The people who took the initiative in this campaign are encouraging everyone to help keep the artwork for the public in the Van Abbe collection. They hope to connect people to the work and the museum in an active way. With their contributions, donors take an active responsibility for a public art collection. The volunteers and cicerones organised special campaigns, the proceeds of which will go entirely towards saving the work for the museum. These include walks in nature, information books on the work and the sale of t-shirts and buttons with the text ‘We Saved an Artwork’.
Wood Circle is an early work by the well-known English artist Richard Long, and has been on loan to the Van Abbemuseum since 1977. In the past few decades it has been exhibited many times. The work appeals to many visitors and invites them to think about art, nature and the environment.
The work fills the room and consists of a minimum of 840 tree branches. The branches are placed in an arbitrary pattern in a circle with a diameter of seven metres, taking into account the particular stipulations that Long recorded in a certificate.
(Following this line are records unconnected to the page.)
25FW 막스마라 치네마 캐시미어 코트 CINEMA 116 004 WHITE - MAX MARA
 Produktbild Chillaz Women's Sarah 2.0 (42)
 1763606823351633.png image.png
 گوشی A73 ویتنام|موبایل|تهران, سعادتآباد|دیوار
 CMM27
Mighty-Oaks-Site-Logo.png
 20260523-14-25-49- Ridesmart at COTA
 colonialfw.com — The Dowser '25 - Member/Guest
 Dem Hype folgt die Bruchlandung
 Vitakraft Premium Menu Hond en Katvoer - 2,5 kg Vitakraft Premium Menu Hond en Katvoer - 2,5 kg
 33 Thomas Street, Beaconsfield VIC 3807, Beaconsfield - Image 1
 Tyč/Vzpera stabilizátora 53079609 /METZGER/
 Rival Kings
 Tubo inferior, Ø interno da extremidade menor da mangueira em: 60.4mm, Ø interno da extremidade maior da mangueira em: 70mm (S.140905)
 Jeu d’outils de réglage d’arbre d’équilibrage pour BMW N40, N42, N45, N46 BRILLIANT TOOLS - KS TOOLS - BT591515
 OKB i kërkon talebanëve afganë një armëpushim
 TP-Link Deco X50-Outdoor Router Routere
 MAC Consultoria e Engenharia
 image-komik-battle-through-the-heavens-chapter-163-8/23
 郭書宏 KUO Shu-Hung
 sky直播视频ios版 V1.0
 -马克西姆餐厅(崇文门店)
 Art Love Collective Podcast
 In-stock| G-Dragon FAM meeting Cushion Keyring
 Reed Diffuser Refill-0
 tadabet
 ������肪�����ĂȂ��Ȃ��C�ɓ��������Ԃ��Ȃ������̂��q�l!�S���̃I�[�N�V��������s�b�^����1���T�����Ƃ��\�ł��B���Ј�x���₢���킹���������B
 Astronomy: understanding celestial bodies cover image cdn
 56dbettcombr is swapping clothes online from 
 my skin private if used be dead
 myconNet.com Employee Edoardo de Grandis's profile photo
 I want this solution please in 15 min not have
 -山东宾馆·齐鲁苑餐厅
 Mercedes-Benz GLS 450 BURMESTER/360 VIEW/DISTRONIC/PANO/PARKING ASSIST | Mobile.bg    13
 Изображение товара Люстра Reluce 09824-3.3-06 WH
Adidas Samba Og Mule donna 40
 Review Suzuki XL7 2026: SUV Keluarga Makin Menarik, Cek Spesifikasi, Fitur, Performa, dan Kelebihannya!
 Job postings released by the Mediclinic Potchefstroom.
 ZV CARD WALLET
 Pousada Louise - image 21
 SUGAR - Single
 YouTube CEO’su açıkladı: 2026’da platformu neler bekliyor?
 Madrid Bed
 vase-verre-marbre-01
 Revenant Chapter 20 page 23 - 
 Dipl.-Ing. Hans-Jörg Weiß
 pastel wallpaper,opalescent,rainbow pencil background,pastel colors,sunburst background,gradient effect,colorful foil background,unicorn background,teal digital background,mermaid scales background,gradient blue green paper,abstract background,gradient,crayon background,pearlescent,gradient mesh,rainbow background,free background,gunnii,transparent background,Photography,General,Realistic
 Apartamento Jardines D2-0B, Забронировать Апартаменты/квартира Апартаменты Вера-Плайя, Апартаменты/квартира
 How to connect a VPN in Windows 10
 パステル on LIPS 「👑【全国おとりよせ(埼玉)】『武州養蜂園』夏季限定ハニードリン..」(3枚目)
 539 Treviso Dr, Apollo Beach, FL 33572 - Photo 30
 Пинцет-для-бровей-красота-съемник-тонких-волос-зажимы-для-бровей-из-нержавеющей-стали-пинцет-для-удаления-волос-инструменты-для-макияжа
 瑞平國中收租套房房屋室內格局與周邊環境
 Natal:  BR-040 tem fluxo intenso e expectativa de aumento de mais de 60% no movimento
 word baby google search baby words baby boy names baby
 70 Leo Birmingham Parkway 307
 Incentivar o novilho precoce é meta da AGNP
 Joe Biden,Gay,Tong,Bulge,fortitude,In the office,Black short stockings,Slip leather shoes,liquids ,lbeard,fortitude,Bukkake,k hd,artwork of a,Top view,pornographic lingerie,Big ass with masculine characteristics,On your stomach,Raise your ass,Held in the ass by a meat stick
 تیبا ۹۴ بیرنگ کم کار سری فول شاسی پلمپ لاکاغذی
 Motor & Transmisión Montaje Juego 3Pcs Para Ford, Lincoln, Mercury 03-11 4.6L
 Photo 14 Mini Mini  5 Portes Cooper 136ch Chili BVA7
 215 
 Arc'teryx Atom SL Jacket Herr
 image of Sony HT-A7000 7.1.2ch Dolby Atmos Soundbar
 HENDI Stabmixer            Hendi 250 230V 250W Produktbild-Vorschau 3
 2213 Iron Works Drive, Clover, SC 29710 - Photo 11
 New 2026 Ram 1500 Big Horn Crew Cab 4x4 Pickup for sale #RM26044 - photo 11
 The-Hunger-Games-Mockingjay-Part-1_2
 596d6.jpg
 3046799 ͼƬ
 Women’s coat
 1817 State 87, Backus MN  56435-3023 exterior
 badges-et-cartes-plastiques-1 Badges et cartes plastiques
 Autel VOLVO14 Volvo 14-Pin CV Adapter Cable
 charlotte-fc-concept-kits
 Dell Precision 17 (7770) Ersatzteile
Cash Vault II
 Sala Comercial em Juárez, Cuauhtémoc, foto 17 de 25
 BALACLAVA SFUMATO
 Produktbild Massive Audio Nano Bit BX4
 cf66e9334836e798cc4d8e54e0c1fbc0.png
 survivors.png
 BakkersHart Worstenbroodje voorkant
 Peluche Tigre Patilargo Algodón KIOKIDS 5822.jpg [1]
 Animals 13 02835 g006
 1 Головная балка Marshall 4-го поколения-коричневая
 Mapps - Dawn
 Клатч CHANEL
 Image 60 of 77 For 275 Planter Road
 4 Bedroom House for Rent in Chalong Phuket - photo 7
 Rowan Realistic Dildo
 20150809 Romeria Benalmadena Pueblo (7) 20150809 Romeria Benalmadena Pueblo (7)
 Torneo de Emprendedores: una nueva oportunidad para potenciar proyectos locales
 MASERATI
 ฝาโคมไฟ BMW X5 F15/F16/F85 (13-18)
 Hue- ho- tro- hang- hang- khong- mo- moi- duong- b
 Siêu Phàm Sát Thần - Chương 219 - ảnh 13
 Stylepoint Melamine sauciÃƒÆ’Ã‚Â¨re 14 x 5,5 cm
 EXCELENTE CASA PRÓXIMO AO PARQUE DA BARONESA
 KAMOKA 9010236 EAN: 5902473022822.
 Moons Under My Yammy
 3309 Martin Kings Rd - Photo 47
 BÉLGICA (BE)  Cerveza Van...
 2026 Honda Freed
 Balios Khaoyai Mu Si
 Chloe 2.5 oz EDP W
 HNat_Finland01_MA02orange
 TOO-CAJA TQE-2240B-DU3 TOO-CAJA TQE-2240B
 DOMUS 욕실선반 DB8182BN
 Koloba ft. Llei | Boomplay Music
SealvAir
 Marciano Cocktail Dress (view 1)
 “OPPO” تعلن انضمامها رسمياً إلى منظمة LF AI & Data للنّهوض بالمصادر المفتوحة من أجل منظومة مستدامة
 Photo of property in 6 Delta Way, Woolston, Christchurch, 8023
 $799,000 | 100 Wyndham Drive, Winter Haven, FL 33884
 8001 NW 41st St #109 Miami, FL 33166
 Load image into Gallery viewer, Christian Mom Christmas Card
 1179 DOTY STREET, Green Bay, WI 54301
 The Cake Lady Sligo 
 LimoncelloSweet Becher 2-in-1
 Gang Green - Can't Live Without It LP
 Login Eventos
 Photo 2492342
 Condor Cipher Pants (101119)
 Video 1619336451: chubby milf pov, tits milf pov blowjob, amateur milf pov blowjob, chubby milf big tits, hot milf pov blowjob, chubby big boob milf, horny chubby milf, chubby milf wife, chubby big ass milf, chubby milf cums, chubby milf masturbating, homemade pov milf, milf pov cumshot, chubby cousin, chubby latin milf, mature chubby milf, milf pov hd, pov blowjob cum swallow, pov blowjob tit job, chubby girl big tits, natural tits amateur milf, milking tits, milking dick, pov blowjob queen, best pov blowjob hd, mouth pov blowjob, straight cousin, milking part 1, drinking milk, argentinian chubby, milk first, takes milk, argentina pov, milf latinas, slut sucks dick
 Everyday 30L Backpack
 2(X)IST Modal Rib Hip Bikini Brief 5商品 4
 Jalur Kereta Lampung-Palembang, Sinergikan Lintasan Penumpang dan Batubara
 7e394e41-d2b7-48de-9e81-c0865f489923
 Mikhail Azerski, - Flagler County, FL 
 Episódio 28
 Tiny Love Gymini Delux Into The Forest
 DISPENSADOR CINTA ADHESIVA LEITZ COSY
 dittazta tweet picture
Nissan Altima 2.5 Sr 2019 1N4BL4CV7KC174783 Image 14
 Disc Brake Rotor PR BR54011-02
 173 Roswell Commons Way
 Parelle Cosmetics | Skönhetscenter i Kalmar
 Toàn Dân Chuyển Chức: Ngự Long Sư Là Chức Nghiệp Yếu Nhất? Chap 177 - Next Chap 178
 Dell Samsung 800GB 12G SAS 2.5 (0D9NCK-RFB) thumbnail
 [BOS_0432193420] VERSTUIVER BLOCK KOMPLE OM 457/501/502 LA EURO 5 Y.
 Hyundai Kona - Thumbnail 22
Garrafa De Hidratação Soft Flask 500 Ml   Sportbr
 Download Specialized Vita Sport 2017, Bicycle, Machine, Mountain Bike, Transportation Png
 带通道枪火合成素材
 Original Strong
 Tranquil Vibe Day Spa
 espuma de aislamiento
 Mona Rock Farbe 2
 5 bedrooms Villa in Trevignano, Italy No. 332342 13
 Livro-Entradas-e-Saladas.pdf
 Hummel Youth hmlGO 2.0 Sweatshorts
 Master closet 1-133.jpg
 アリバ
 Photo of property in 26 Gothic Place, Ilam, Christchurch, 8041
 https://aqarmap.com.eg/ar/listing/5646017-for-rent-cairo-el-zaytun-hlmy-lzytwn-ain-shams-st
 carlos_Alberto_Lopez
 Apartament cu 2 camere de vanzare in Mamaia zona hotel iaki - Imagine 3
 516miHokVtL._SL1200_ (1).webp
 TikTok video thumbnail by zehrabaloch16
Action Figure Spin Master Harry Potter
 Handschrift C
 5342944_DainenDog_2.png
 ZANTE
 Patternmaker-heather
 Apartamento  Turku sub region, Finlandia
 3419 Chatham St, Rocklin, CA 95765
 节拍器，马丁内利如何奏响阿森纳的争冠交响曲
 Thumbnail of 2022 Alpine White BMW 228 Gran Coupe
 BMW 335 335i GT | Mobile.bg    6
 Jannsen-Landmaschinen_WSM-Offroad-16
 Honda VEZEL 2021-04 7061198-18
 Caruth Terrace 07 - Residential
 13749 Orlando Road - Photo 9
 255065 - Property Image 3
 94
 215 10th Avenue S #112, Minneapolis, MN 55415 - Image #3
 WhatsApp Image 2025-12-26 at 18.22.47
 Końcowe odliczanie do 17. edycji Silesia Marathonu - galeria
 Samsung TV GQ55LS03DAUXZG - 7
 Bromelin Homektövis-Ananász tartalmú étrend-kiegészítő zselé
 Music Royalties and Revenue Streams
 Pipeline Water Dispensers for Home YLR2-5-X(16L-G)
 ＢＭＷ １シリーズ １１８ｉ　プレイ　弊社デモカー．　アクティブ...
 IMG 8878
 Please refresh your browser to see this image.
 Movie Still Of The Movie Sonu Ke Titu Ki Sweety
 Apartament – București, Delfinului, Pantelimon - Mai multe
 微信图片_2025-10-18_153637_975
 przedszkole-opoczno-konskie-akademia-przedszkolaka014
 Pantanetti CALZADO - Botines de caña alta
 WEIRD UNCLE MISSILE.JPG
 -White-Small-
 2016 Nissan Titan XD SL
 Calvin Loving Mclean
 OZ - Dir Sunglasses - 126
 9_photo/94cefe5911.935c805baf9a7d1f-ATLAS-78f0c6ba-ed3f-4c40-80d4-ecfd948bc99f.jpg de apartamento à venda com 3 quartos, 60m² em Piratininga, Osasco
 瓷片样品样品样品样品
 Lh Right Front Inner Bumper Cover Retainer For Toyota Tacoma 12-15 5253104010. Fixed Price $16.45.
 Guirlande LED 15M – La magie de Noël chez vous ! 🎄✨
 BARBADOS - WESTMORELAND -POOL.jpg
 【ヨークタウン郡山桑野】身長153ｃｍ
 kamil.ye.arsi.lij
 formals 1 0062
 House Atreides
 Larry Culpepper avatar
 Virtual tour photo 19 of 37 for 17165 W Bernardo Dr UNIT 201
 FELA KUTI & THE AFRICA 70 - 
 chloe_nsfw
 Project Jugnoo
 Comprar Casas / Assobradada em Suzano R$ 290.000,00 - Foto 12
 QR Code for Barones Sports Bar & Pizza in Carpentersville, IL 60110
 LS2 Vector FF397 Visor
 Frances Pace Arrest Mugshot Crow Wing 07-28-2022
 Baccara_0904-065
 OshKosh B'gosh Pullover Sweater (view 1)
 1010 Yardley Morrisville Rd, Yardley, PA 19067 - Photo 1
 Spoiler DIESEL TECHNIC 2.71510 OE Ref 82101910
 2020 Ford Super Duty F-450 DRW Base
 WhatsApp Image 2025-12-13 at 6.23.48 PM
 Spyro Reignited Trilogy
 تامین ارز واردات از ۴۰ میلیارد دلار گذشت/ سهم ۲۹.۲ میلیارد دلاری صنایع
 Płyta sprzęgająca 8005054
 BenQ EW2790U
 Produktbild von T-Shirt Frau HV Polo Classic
For example, the branches must be distributed evenly within the circle shape, and longer and shorter, thinner and thicker ones must be placed everywhere . All the branches must also lie as flat on the floor as possible, preferably without touching. This creates an undulating pattern. Every time the work is assembled, it looks a little bit different.
Wood Circle is typical of the artistic climate of the 1970s when artists turned their back on the gallery/studio and performance, body and land art emerged.
At a time when the national government has chosen to cut funding for art and culture, private individuals can really make a difference and show that art is not the ‘subsidy junkie’ the government claims. Crowd funding is an accessible form of participation which gives everyone a democratic voice to support artistic and cultural resources in their immediate environment. The proceeds for the Wood Circle will be recorded by voordekunst.nl; a website in which art projects look for additional funding by private individuals and businesses.